Une nouvelle enquête menée par TIFA Research révèle que 52 % des Kenyans sont opposés à l’accord de gouvernement à base élargie (BBG) entre le président William Ruto et l’ODM, contre seulement 30 % qui expriment leur soutien à l’alliance, 15 % n’ayant aucune opinion et 4 % ignorant totalement l’existence de la coalition.
Le sondage, mené entre le 13 et le 22 juin 2026, a porté sur un échantillon représentatif à l’échelle nationale de 2 048 répondants provenant de neuf zones du Kenya, dont les régions de Nairobi, de la Côte, de Nyanza et du Mont Kenya.
Les entretiens ont été réalisés en face-à-face au niveau des ménages, principalement en swahili, avec une marge d’erreur de plus ou moins 2,18 %.
Le support BBG bloqué en dessous d’un tiers
TIFA, qui a suivi les attitudes à l’égard du BBG dans cinq enquêtes consécutives depuis la création de l’alliance à la suite des manifestations de la génération Z de juin 2024, a noté que le soutien est resté obstinément inférieur à un tiers pendant la majeure partie de la période de suivi.
Les seules exceptions ont été mai 2025, où le soutien est tombé à 22 %, et août 2025, où il a grimpé à 44 %.
Le chiffre actuel de 30 % reflète le chiffre de mai, une tendance que TIFA attribue à la « division grandissante au sein de l’ODM » sur la question de savoir si le parti doit soutenir la candidature de Ruto à la réélection.
L’enquête a également révélé une forte divergence dans la manière dont les opinions sur le BBG sont liées à un optimisme plus large quant à l’orientation du Kenya.
Parmi les Kenyans qui soutiennent le BBG, 30 % pensent que le pays va dans la bonne direction, contre seulement 5 % de ceux qui s’y opposent.
Les fractures de l’ODM se creusent avant 2027
Le rapport met en évidence le fossé croissant au sein de l’ODM entre la direction dominante du parti et sa faction dissidente Linda Mwananchi, dont les figures clés comprennent le sénateur de Nairobi Edwin Sifuna, le gouverneur de Siaya James Orengo et le sénateur de Vihiga Godfrey Osotsi.
Ces dirigeants sont passés d’une allusion à un possible départ de l’ODM à une déclaration ouverte que leur avenir politique se situe en dehors du parti.
Sifuna a été remplacé en tant que whip adjoint de la minorité au Sénat par un fervent partisan du BBG, une évolution qui, selon TIFA, pourrait avoir accéléré l’éloignement de la faction du parti dominant.

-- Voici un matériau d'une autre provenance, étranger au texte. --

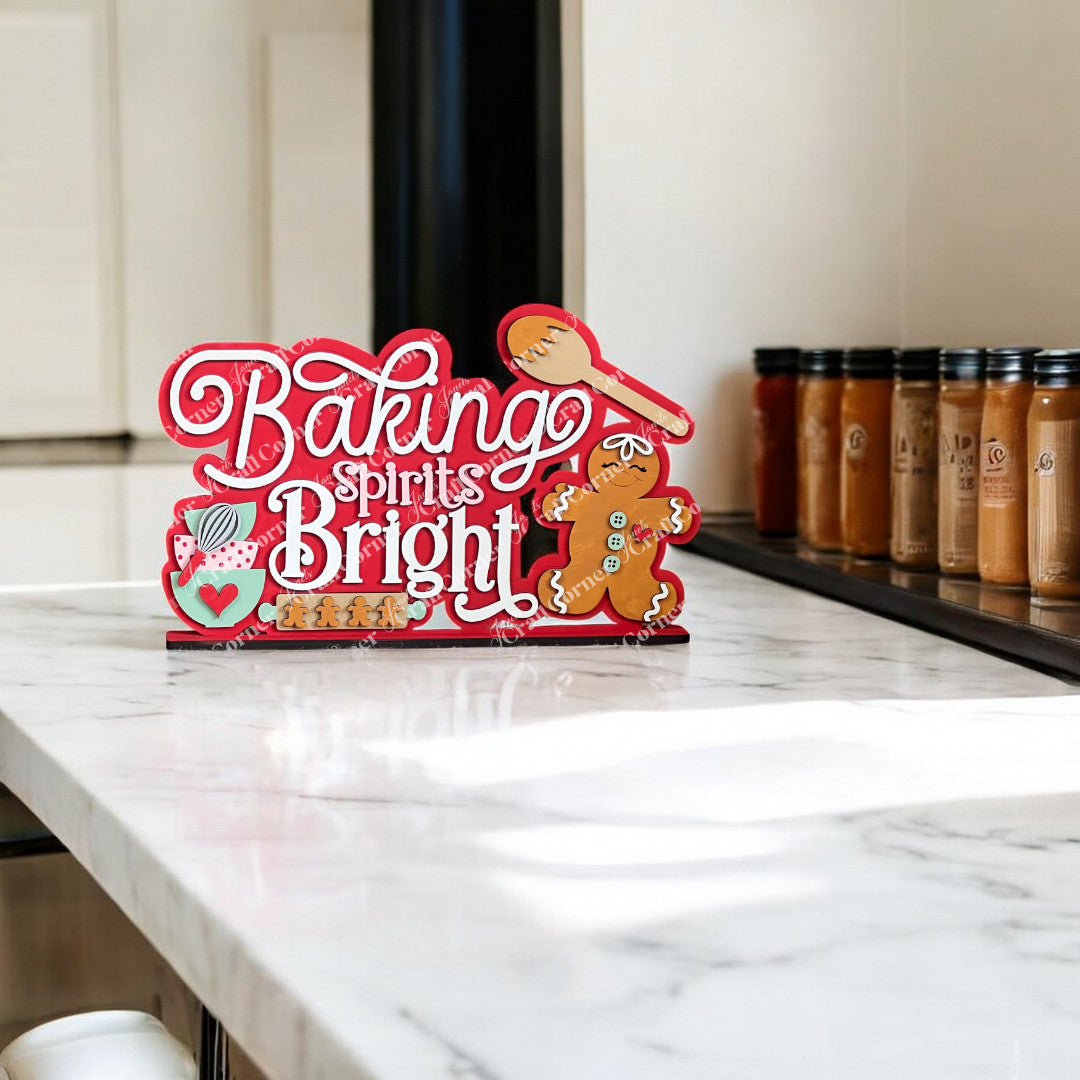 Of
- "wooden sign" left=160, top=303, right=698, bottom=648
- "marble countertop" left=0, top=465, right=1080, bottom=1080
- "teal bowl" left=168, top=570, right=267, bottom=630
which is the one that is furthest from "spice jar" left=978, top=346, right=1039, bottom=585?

TIFA a également signalé l’émergence de tensions au sein même de la faction de Linda Mwananchi, soulignant l’annonce par Orengo de ses propres ambitions présidentielles comme une source potentielle de frictions, compte tenu de la popularité croissante de Sifuna en tant que candidat à la présidentielle dans les mêmes sondages.
Une incertitude supplémentaire entoure la contestation judiciaire non résolue déposée par l’ancien vice-président Rigathi Gachagua contre sa destitution et sa destitution, le calendrier et l’issue de son appel restant flous à l’approche des élections générales de 2027.
Le Kenya va-t-il dans la bonne direction ?
Parallèlement, la même enquête a montré que 76 % des Kenyans pensent que le pays va dans la mauvaise direction sous la direction du président William Ruto.
L’enquête a révélé que le pessimisme était le plus élevé au Mont Kenya, où 90 % des habitants ont exprimé une opinion négative.
Les résultats mettent en évidence un lien étroit entre les finances personnelles et le sentiment national, 75 % de ceux qui ont vu négativement l’orientation du Kenya faisant état d’une détérioration des conditions économiques depuis 2022.
Alors que la confiance du public atteint les plus bas historiques enregistrés en 2025 et 2026, les résultats offrent une image sombre du malaise croissant dans le pays.